Little is known of his early life in Lax Kw'alaams (a.k.a. Port Simpson), B.C. He was probably the son of Arthur Wellington Clah, an hereditary chief and prominent early Christian convert who had taught the Tsimshian language to the Anglican lay missionary William Duncan in the 1850s.

In 1903 Boas wrote to Clah, on the recommendation of his Tlingit-Kwakwaka'wakw informant George Hunt, expressing an interest in finding someone with whom to work on a description of Tsimshian culture. Clah turned the correspondence over to Tate, and Tate began to send Boas information, especially transcribed oral narratives, through the mail. It seems certain that Boas and Tate never met face to face.
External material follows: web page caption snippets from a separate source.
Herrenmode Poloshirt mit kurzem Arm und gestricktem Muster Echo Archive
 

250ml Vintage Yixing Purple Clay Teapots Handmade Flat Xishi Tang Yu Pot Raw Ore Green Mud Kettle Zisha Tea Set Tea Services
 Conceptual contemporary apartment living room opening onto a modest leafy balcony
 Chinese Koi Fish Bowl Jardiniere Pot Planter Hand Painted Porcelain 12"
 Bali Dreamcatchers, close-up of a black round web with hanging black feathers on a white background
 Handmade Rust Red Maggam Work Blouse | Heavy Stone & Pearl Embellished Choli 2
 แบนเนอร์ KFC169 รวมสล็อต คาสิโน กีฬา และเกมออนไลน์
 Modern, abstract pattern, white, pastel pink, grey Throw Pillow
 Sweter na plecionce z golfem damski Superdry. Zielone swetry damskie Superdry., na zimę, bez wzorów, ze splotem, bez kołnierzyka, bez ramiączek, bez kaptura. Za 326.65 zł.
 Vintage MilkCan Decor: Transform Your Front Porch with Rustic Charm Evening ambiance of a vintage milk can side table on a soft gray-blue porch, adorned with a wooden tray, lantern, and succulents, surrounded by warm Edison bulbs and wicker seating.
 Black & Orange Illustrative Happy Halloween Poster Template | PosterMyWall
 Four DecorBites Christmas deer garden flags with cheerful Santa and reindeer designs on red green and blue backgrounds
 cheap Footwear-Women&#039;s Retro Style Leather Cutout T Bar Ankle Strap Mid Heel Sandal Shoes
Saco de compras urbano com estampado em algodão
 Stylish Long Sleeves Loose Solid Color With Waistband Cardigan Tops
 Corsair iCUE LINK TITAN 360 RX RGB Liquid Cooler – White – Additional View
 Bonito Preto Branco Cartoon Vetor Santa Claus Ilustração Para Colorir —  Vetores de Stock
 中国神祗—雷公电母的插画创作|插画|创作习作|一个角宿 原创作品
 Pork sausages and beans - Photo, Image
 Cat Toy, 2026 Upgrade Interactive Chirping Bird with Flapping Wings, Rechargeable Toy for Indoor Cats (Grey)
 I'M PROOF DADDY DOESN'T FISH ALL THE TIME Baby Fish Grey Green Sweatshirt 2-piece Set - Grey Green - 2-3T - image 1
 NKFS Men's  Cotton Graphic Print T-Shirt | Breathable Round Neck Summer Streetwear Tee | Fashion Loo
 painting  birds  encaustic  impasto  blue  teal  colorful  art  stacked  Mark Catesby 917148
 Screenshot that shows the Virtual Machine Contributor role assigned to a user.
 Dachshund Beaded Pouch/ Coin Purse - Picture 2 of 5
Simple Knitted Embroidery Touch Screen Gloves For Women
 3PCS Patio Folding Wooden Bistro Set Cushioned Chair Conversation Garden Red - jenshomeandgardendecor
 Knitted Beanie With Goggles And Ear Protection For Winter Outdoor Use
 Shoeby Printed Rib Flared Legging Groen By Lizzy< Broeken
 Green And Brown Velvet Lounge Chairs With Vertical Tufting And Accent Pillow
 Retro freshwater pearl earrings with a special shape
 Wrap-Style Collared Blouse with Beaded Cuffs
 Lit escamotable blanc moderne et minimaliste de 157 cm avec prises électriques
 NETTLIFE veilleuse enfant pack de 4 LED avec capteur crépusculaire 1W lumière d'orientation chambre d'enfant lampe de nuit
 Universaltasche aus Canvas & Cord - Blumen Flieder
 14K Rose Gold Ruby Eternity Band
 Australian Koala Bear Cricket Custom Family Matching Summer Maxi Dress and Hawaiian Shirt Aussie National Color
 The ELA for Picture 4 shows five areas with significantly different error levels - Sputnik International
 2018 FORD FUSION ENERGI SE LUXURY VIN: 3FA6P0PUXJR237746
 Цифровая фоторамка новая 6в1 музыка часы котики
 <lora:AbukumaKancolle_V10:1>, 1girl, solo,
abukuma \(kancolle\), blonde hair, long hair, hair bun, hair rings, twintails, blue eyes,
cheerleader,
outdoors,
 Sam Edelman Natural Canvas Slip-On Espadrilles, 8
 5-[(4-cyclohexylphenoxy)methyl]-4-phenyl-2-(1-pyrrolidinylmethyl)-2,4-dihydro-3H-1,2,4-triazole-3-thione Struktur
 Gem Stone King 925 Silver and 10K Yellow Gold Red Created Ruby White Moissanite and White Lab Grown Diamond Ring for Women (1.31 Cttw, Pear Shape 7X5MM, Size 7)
The result was Boas's long 1916 monograph Tsimshian Mythology. When that volume appeared, Boas wrote in its preface that "Mr. Tate died in April 1914."

One of the few insights into Tate's life in Tsimshian Mythology comes in a discussion of clan-to-clan adoption, citing Tate's adoption from the Laxsgiik (Eagle clan) into the Gispwudwada (Killerwhale clan) of the Gispaxlo'ots tribe by his maternal grandfather, and his subsequent adoption of his own daughter into the Gispwudwada as well.

Boas and Tate's correspondence is housed at the American Philosophical Society in Philadelphia. It includes complaints by Boas that Tate is resisting his instructions by writing the stories in English first, and then translating into his own Tsimshian, instead of transcribing his informants' Tsimshian first.

In the 1930s, Tate's widow, now known as "Mrs. Sam Bennett," of the Gits'iis tribe, served as a key informant to the anthropologist Viola Garfield during her fieldwork in Lax Kw'alaams.

Aspersions were cast on the reliability or thoroughness of Tate's work by a 1917 review of Tsimshian Mythology written by Marius Barbeau, who had by then done much more extensive, face-to-face fieldwork in Lax Kw'alaams with Clah's grandson, William Beynon. The literary historian Ralph Maud has written at length on the complicated give-and-take which resulted in the publication of Tate's stories and the possible cultural distortions that resulted. Maud has also produced a volume which reformats Tate's stories to bring out the poetry in his English.